Lelang alleges mafia ring in planning dept

National, Normal
Source:

The National – Friday, June 24, 2011

By JACOB POK
THERE is major corruption within the Department of National Planning and Monitoring where millions of kina of public funds have been misused, its secretary Joseph Lelang said.
In a press conference yesterday, Lelang said a new “mafia ring” involving senior officers of the department and including “one or two ministers and several ministerial staff were involved in the theft.
He claimed several funds were released for unknown purposes.
He said since his suspension in February on allegations of misconduct, the department released several funds.
He said when the court ordered his reinstatement early this month, he was advised that out of a total direct government funding of K2.1 billion in the development budget, K1.9 billion had been released within three months, from March to May.
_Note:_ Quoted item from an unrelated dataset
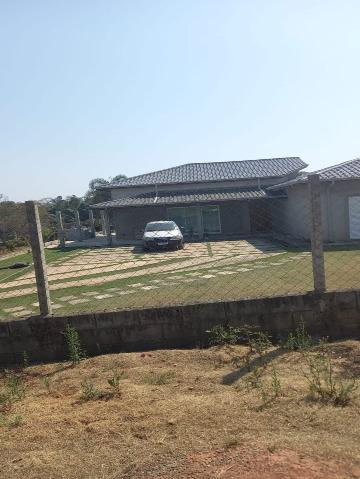 Casa, 6 quartos, 360 m² - Foto 1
He said about K735 million was put into a trust account under the Finance Department while K1.2 billion was released by the department to projects and programmes of government.
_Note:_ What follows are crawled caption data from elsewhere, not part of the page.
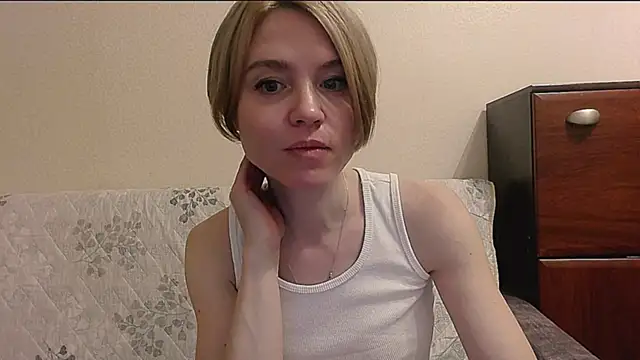 Snapshot of Eva_vagner chatting on February 8, 2025, 1:22 pm Eva vagner online show from February 8, 2025, 1:22 pm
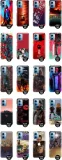 etui-do-xiaomi-redmi-note-12-5g-seriale-top-wzory-material-tworzywo-sztuczne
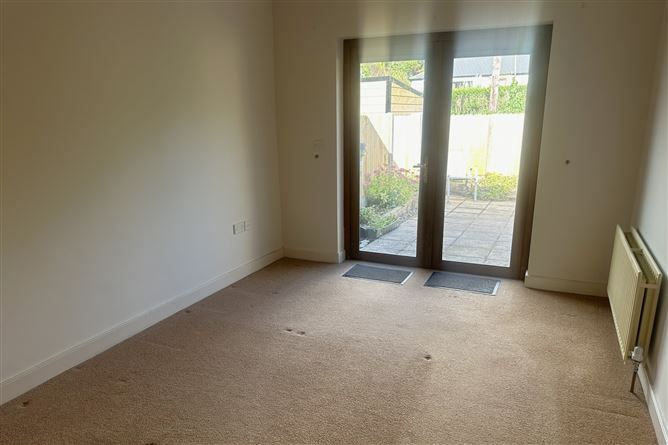 21 Skibbereen Retirement Village, Baltimore Road, Skibbereen, Cork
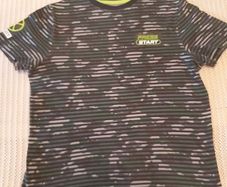 Tshirt 10-11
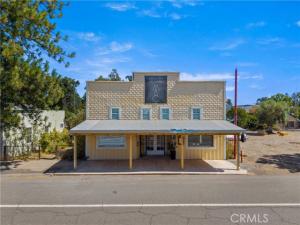 MLS #LC25188709 image #0
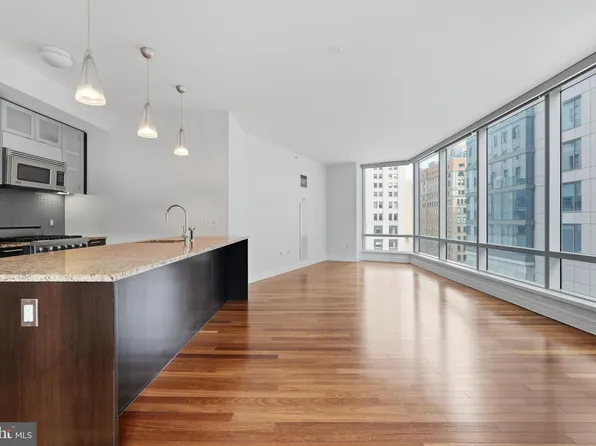 1414 S Penn Sq, Philadelphia, PA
“I am unable to see how the K735 million of development monies held by the Finance Department is being spent or dished out but I was only able to obtain from records the government programmes and projects the department funded,” Lelang claimed.
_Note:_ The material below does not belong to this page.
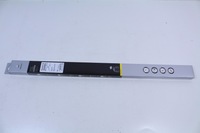 фото thumb №2, Щітки двірник renault scenic iv kpl.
He said he had sent a special report to Acting Prime Minister Sam Abal exposing all the corruption that had been happening in the department during the period of his suspension.
He said he indicated in the report that there was an unequal distribution of the country’s resources between March and May, “where certain electorates continued to receive large funding at the expense of the rest of the country”.
He said he recommended in the report a need for a commission of inquiry into the 2011 development budget to inquire how public funds in millions of kina had been dished out within three months.
He said he had told police to carry out investigations into the whereabouts of the funds and prosecute those involved.
He said although he was suspended from office, the outcome of the independent investigation into his conduct did not find any evidence of misconduct.
Lelang said before his appointment as the department’s secretary, “the department was in a bad state”.
He said the parliamentary Public Accounts Committee report into the National Planning and Monitoring Department tabled in parliament in April 2008, showed gross abuse of public monies and mismanagement of development budgets by senior management of the department at that time.
Leland said he had managed to overhaul the department, restructured it and implemented many changes in the running of the office when he took over as secretary in 2008.